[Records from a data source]
────

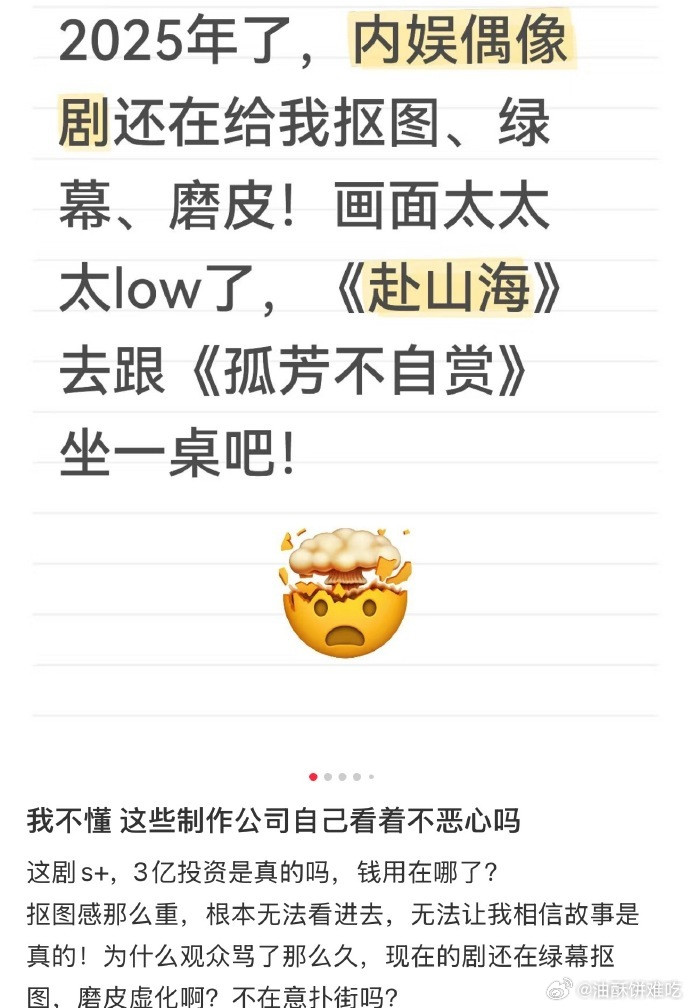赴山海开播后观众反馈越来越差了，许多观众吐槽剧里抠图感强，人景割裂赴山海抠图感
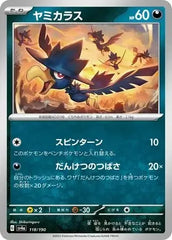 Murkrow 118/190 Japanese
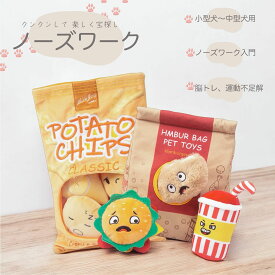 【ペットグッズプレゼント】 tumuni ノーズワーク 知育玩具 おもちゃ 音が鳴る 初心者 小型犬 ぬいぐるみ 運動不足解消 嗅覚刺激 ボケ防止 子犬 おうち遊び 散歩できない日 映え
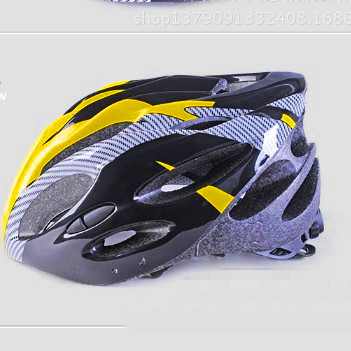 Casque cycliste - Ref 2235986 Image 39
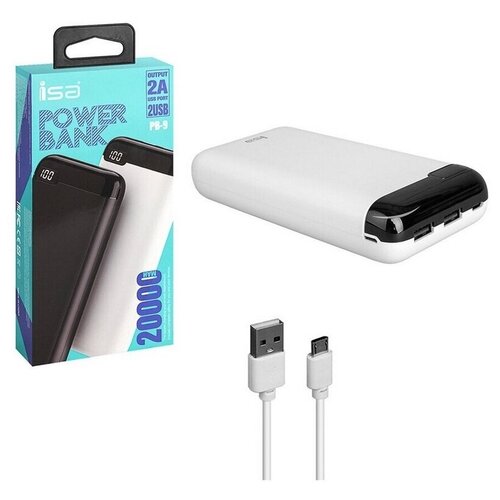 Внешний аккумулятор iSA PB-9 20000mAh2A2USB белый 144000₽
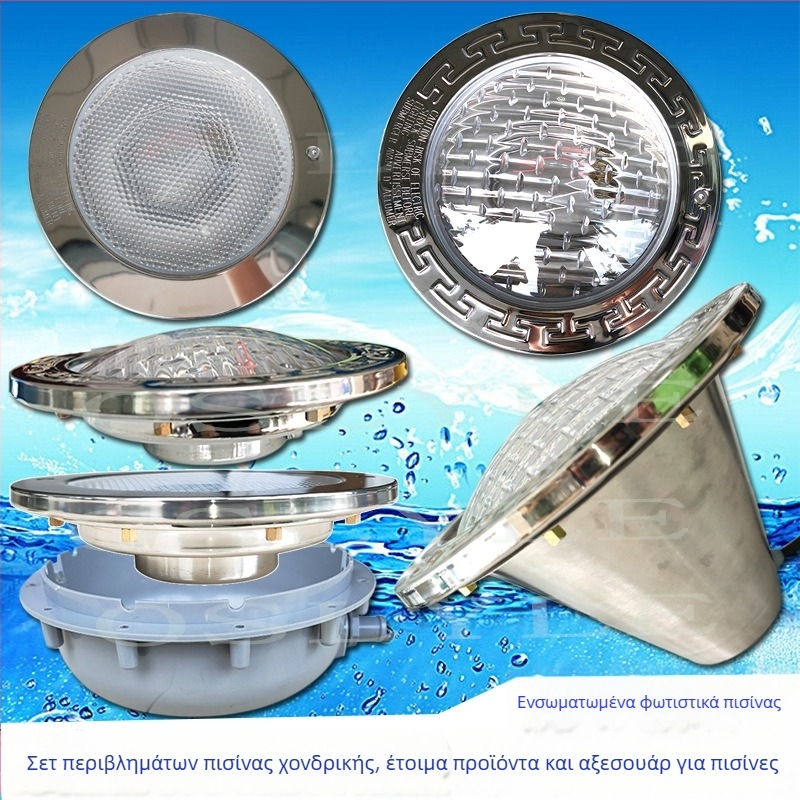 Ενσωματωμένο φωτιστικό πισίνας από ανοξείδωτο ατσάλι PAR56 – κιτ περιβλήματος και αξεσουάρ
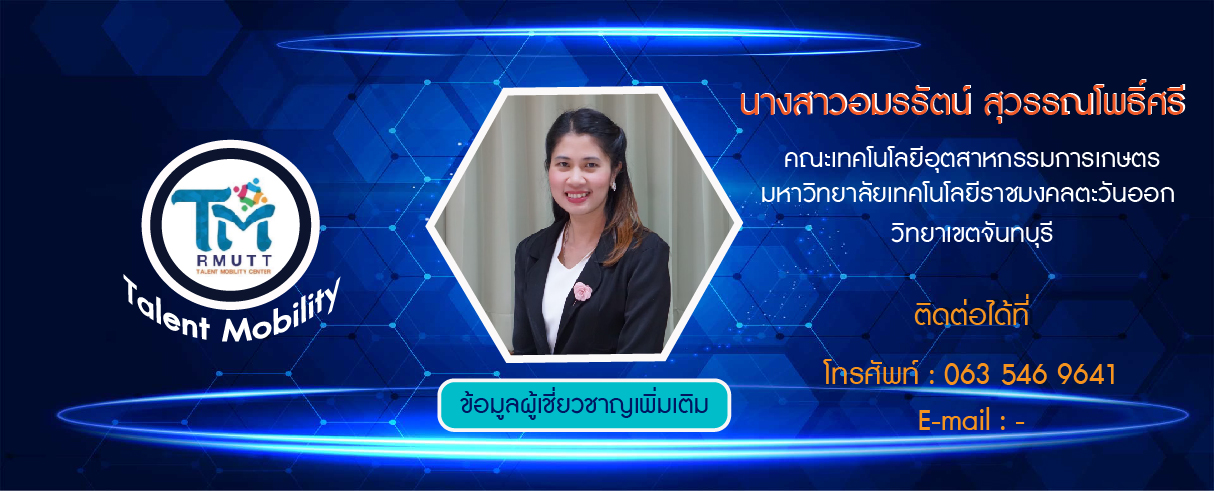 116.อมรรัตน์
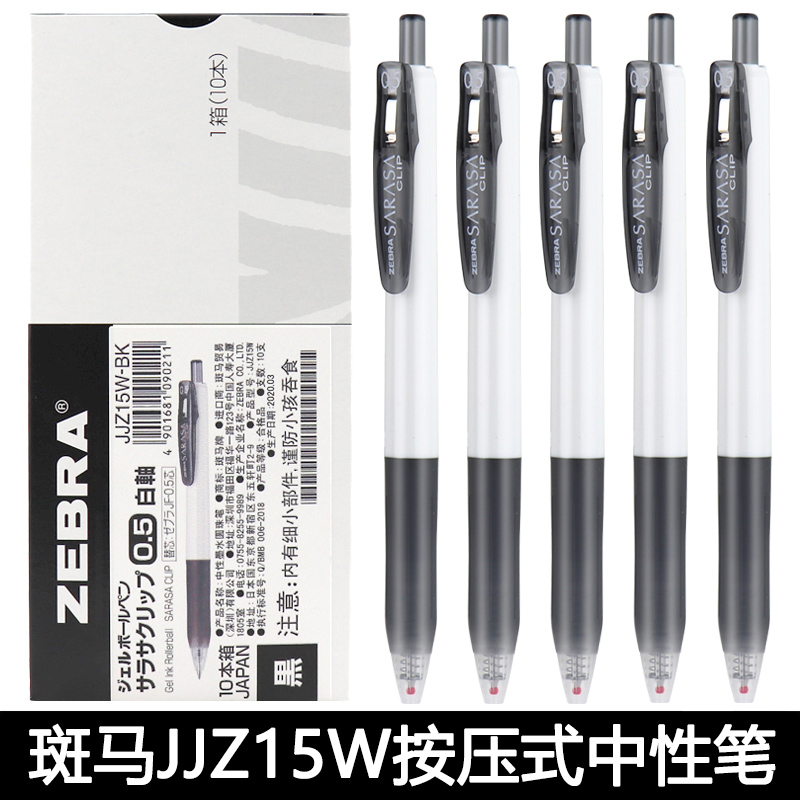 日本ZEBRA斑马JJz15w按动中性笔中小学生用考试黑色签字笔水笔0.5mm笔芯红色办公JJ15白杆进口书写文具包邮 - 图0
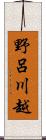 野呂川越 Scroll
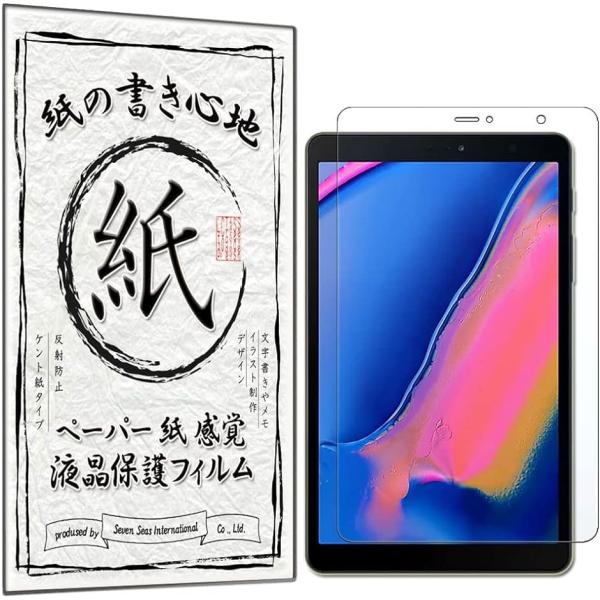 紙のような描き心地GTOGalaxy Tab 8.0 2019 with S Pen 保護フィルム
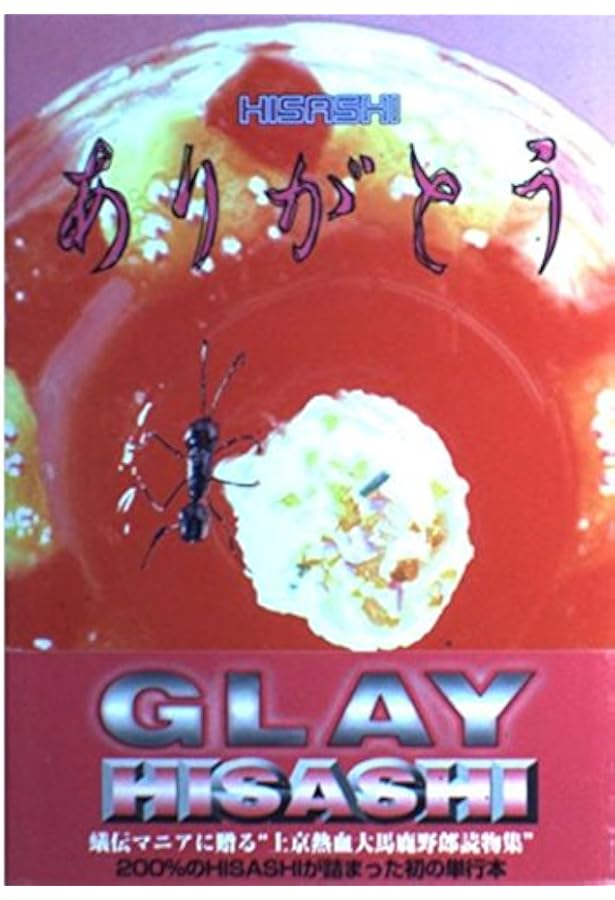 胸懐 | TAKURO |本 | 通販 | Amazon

────

Each record above must be retyped exactly as given, with the images excluded.

赴山海开播后观众反馈越来越差了，许多观众吐槽剧里抠图感强，人景割裂赴山海抠图感
 Murkrow 118/190 Japanese
 【ペットグッズプレゼント】 tumuni ノーズワーク 知育玩具 おもちゃ 音が鳴る 初心者 小型犬 ぬいぐるみ 運動不足解消 嗅覚刺激 ボケ防止 子犬 おうち遊び 散歩できない日 映え
 Casque cycliste - Ref 2235986 Image 39
 Внешний аккумулятор iSA PB-9 20000mAh2A2USB белый 144000₽
 Ενσωματωμένο φωτιστικό πισίνας από ανοξείδωτο ατσάλι PAR56 – κιτ περιβλήματος και αξεσουάρ
 116.อมรรัตน์
 日本ZEBRA斑马JJz15w按动中性笔中小学生用考试黑色签字笔水笔0.5mm笔芯红色办公JJ15白杆进口书写文具包邮 - 图0
 野呂川越 Scroll
 紙のような描き心地GTOGalaxy Tab 8.0 2019 with S Pen 保護フィルム
 胸懐 | TAKURO |本 | 通販 | Amazon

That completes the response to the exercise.